From a047c64d548861eb159111ff4d0536b58837af82 Mon Sep 17 00:00:00 2001
From: Benjamin Schwendinger <benjaminschwe@gmail.com>
Date: Mon, 5 Jan 2026 21:45:00 +0100
Subject: [PATCH 1/6] add join statistics

---
 NEWS.md               |  2 ++
 R/bmerge.R            | 45 ++++++++++++++++++++++++++++++++++++++++++-
 R/data.table.R        |  2 +-
 R/merge.R             |  9 ++++++---
 inst/tests/tests.Rraw | 19 ++++++++++++++++++
 man/merge.Rd          |  2 +-
 6 files changed, 73 insertions(+), 6 deletions(-)

diff --git a/NEWS.md b/NEWS.md
index 23e8d5c873..83dac301dc 100644
--- a/NEWS.md
+++ b/NEWS.md
@@ -16,6 +16,8 @@
 
 1. `nafill()`, `setnafill()` extended to work on logical vectors (part of [#3992](https://github.com/Rdatatable/data.table/issues/3992)). Thanks @jangorecki for the request and @MichaelChirico for the PR.
 
+2. Joins (`y[x, on=]` or `merge(x, y, ...)`) now display join statistics with `verbose=TRUE`, showing row counts, matched rows, and join columns used, [#4677](https://github.com/Rdatatable/data.table/issues/4677).
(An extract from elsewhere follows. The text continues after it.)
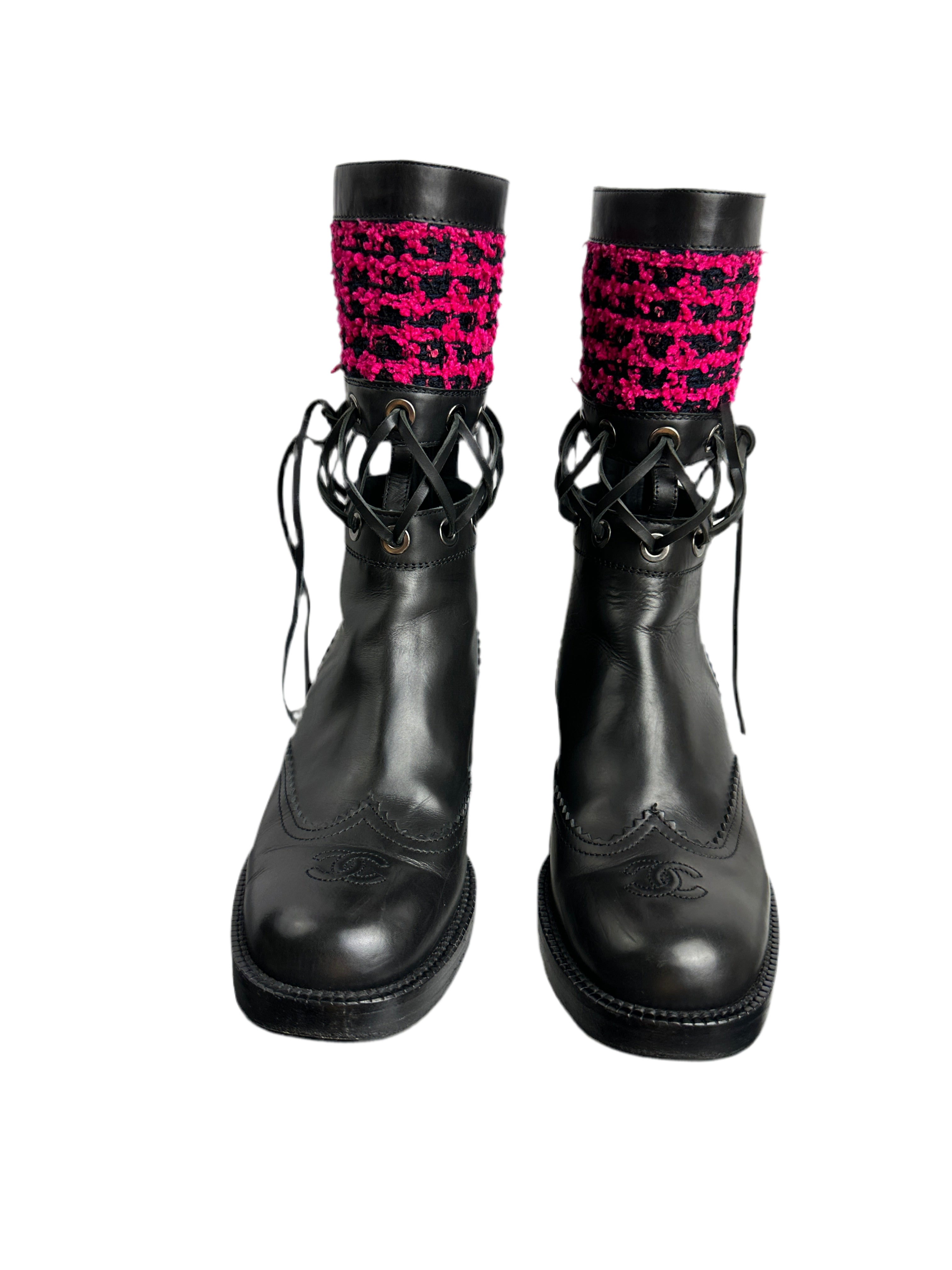 Chanel short boots black and fushia - size 37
Thanks @thorek1 and @grantmcdermott for the suggestion and @ben-schwen for the implementation.
+
 ### Notes
 
 1. {data.table} now depends on R 3.5.0 (2018).
diff --git a/R/bmerge.R b/R/bmerge.R
index 3c903ae354..730b38bfce 100644
--- a/R/bmerge.R
+++ b/R/bmerge.R
@@ -25,7 +25,7 @@ coerce_col = function(dt, col, from_type, to_type, from_name, to_name, from_deta
   set(dt, j=col, value=cast_with_attrs(dt[[col]], cast_fun))
 }
 
-bmerge = function(i, x, icols, xcols, roll, rollends, nomatch, mult, ops, verbose)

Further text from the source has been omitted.